The Connecticut Massacre
and the “Gun Regime”


By Ludovica Amici

Translated By Joanna Hamer

15 December 2012

Edited by Kyrstie Lane

 


Italy - Il Fatto Quotidiano - Original Article (Italian)

A hundred rounds shot at innocents, mostly children. This time it happened in an elementary school in Newtown, Conn., at the hands of a 20-year-old who shot his mother, a teacher at the school*, before turning on her students and other adults.

It is a tragedy that echoes the anguish of 1999, when two students opened fire at Columbine High School in Denver, Colo., of Virginia Tech, and of many other cases like this. And one that again brings up the issue of arms control.

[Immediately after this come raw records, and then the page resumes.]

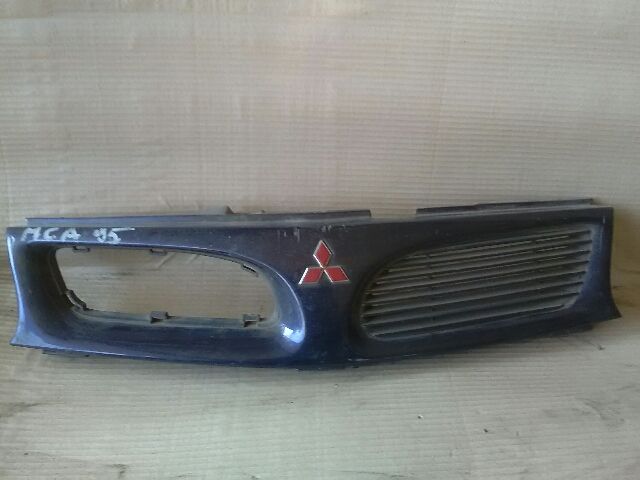 bontott MITSUBISHI CARISMA Hűtőrács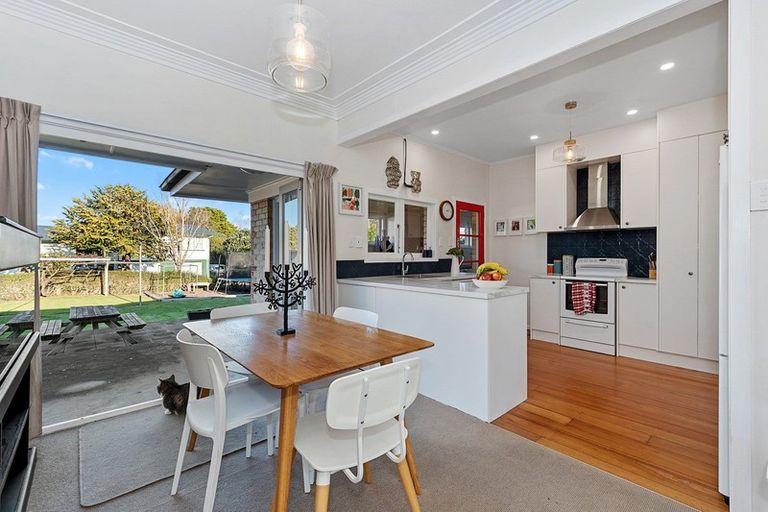 Photo of property in 60 Coronation Road, Morrinsville, 3300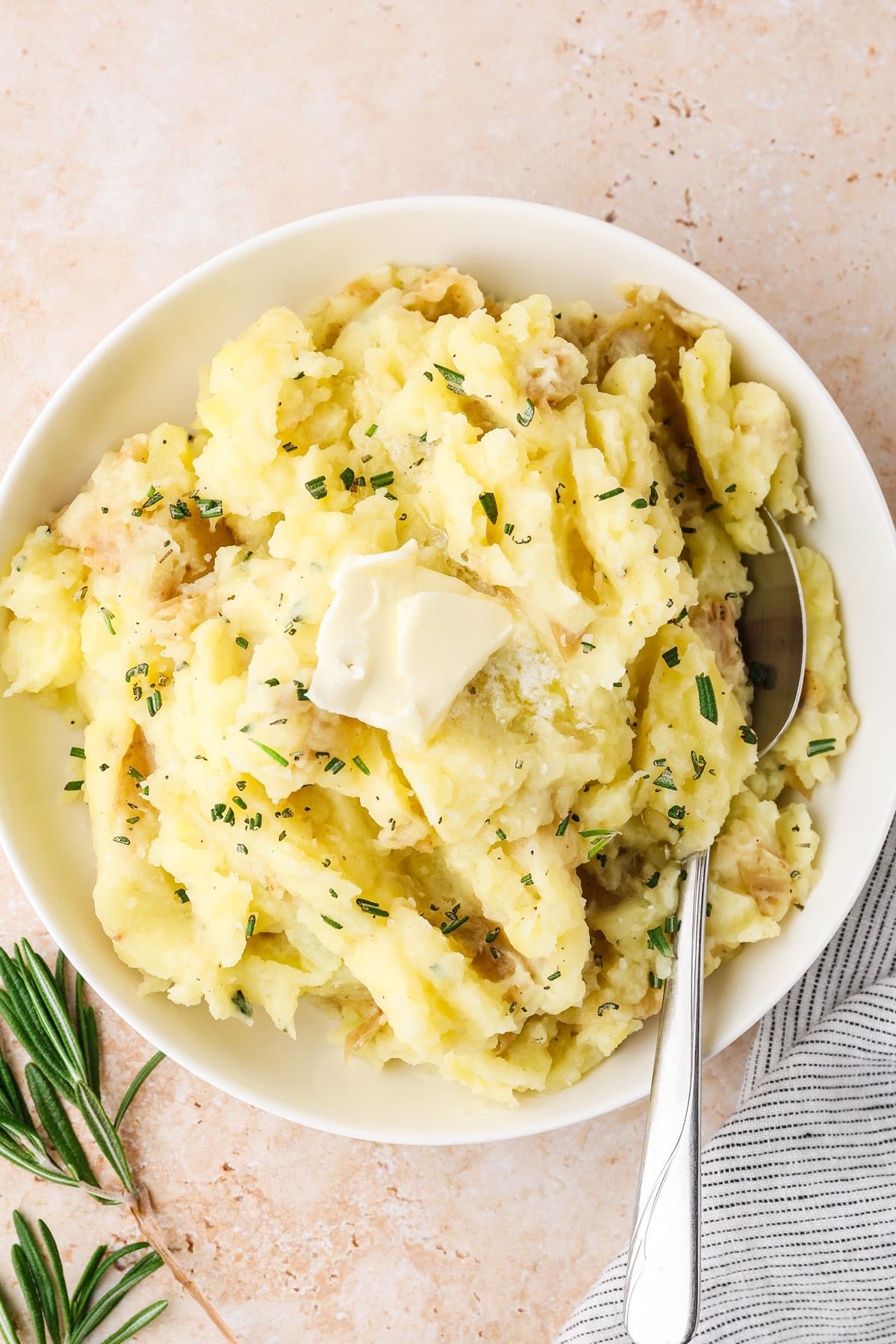 Rosemary Mashed Potatoes With Buttermilk
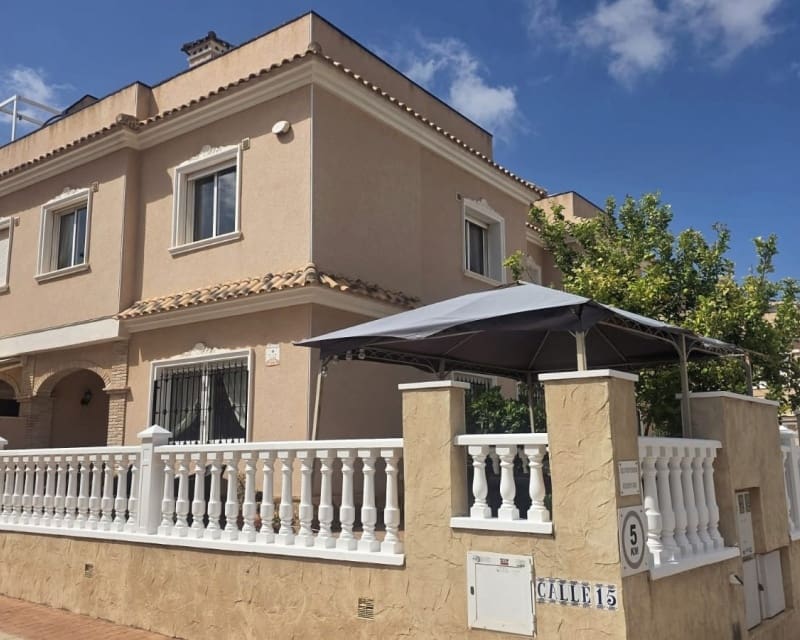 3 quarto Moradia para venda em Villamartin com piscina - 285 000 € (Ref: 9827746)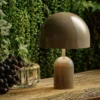 Lámpara de mesa recargable BELL PORTABLE de Tom Dixon, color topo, 28 cm, IP44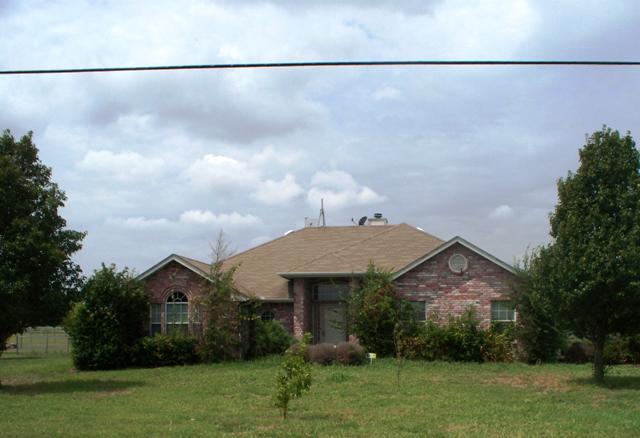 701 Treehouse Ln, Red Oak, TX Main Image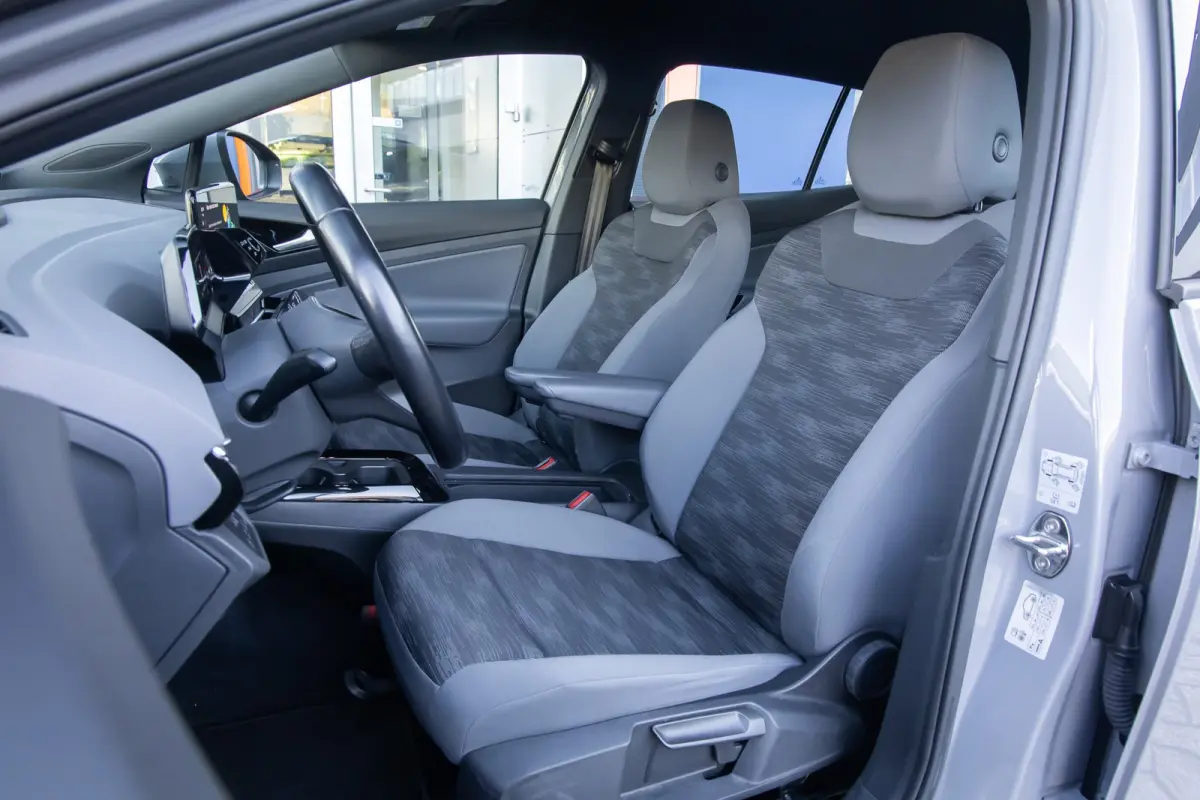Pro 77 kWh | SOH 93%! | Trekhaak | Cruise control adaptief | Apple Carplay/Android Auto | Voorstoelen verwarmd | Parkeersensoren | Apple Carplay/Android Auto|telefoonintegratie premium | Cru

Weapons can be bought as easily as candy, with the same ease and enthusiasm with which you can buy and play a video game. On the Internet, just type “how to buy a gun” into Google and suddenly there is an online bazaar where anyone can buy or send away for a gun. There are also no federal restrictions on the quantity of ammunition that an individual can buy. In many states, bullets are sold on supermarket shelves, next to everyday household items.

The debate over guns in a country like the United Sates, one of the most armed and most violent in the Western world, a country where many children already pass through metal detectors on their way into school, has reopened. The right to own arms and defend oneself is a central principle of the American identity. Carrying a handgun is considered a civil right protected by the Second Amendment. Consequently, the United States is one of the leading manufacturers of weapons in the world.

Illegal markets fuel terrorism and acts like that in Connecticut, and the gun lobby is far too powerful. The National Rifle Association, for example, is a U.S. organization of firearms owners considered to be a powerful lobby with sway over large numbers of votes in elections. This lobby has stopped many potential gun control laws.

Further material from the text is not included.